Most supervisors have dealt with an employee who believes his work performance is better than what it actually is. It’s a minority of employees who believe they are less than a “four-star” performer. But an employee who is so convinced of his personal value that he sues his employer for $75 million is a rarity, indeed. Yet, rare or not, that is precisely the case in Berry v. Kasowitz, Benson, Torres & Friedman, LLP.

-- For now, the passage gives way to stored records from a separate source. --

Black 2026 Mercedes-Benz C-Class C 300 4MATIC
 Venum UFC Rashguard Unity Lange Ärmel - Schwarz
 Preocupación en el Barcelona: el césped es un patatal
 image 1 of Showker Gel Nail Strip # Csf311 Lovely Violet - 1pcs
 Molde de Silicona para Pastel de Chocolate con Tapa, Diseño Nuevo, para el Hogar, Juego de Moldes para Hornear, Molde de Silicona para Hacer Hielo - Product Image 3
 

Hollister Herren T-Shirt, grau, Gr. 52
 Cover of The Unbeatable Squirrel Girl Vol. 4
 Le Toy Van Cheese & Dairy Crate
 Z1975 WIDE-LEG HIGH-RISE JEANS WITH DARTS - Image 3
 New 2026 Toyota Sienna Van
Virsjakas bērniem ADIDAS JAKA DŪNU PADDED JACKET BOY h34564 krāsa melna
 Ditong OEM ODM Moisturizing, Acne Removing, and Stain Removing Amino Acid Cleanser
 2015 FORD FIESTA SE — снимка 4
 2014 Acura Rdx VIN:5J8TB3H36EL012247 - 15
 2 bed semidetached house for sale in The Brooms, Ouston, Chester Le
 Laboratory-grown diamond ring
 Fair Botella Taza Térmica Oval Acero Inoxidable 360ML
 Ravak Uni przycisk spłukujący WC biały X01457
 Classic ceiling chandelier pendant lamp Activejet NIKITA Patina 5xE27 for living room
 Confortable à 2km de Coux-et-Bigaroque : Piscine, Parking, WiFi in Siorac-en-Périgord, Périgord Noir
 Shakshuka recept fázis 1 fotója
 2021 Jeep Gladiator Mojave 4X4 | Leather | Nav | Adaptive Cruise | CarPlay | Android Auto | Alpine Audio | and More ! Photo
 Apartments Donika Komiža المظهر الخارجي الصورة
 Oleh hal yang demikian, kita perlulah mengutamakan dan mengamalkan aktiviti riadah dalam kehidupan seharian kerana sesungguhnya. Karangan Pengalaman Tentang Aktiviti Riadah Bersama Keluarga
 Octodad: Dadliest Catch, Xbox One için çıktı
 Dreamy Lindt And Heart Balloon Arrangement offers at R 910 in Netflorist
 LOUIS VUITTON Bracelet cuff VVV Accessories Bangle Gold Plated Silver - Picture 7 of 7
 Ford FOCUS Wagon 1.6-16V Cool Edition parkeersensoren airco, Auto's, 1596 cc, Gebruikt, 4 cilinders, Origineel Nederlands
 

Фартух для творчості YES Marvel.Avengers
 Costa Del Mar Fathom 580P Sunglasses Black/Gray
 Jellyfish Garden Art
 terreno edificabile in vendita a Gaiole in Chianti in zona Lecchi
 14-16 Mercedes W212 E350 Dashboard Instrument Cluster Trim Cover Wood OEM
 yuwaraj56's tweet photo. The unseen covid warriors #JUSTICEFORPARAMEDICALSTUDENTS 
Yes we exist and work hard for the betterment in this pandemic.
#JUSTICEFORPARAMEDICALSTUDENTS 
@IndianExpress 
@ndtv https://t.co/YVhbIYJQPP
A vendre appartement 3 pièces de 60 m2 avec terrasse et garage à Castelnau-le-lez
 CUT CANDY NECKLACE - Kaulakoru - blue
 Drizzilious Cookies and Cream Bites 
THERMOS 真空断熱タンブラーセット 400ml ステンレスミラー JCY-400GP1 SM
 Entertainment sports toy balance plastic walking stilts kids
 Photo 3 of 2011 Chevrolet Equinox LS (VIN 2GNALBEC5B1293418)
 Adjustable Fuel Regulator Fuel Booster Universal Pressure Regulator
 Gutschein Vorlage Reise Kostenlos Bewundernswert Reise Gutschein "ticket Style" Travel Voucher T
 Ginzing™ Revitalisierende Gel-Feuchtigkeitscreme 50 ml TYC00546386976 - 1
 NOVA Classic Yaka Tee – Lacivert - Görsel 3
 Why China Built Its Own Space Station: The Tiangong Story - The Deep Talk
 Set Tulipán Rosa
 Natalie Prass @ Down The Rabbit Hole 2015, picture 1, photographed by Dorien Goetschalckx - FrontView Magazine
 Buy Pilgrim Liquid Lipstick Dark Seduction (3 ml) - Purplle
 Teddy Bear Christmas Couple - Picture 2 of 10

According to Berry, he had a “distinguished” and “remarkable” career in the technology sector. Having “conquer[ed] Silicon Valley,” he decided to turn his talents to the legal profession, abandoning his technology endeavors to attend the prestigous University of Pennsylvania Law School. Upon graduation, he accepted a position with an equally prestigous law firm, Kasowitz, Benson, Torres & Friedman. Ready to conquer the world of private practice, according to Berry, he “immediately began doing superlative work,” and “repeatedly found ways to improve the efficiency of work, or even the outcome of cases.” Unfortunately, though, he feels his genius went unappreciated.
Berry claims that he was terminated after he sent an email to the firm’s partners requesting additional work. In the email, Berry stated that it had “become clear that I have as much experience and ability as an associate many years my senior, as much skill writing, and a superior legal mind to most I have met.” Interestingly, prior to sending the email, Berry had been expressly warned not to “be so arrogant.” Apparently, he did not heed that advice.
Upon termination, Berry was presented with an “unconscionable” Separation Agreement, which he signed only under “economic duress.” Under the agreement, Berry received two months’ salary in exchange for a complete waiver of claims. Notwithstanding having executed the waiver and release, Berry sued filed suit, alleging 14 causes of action.
The lesson for employers? Beware the employee who is, perhaps, a bit to aware of his own “superlative” work.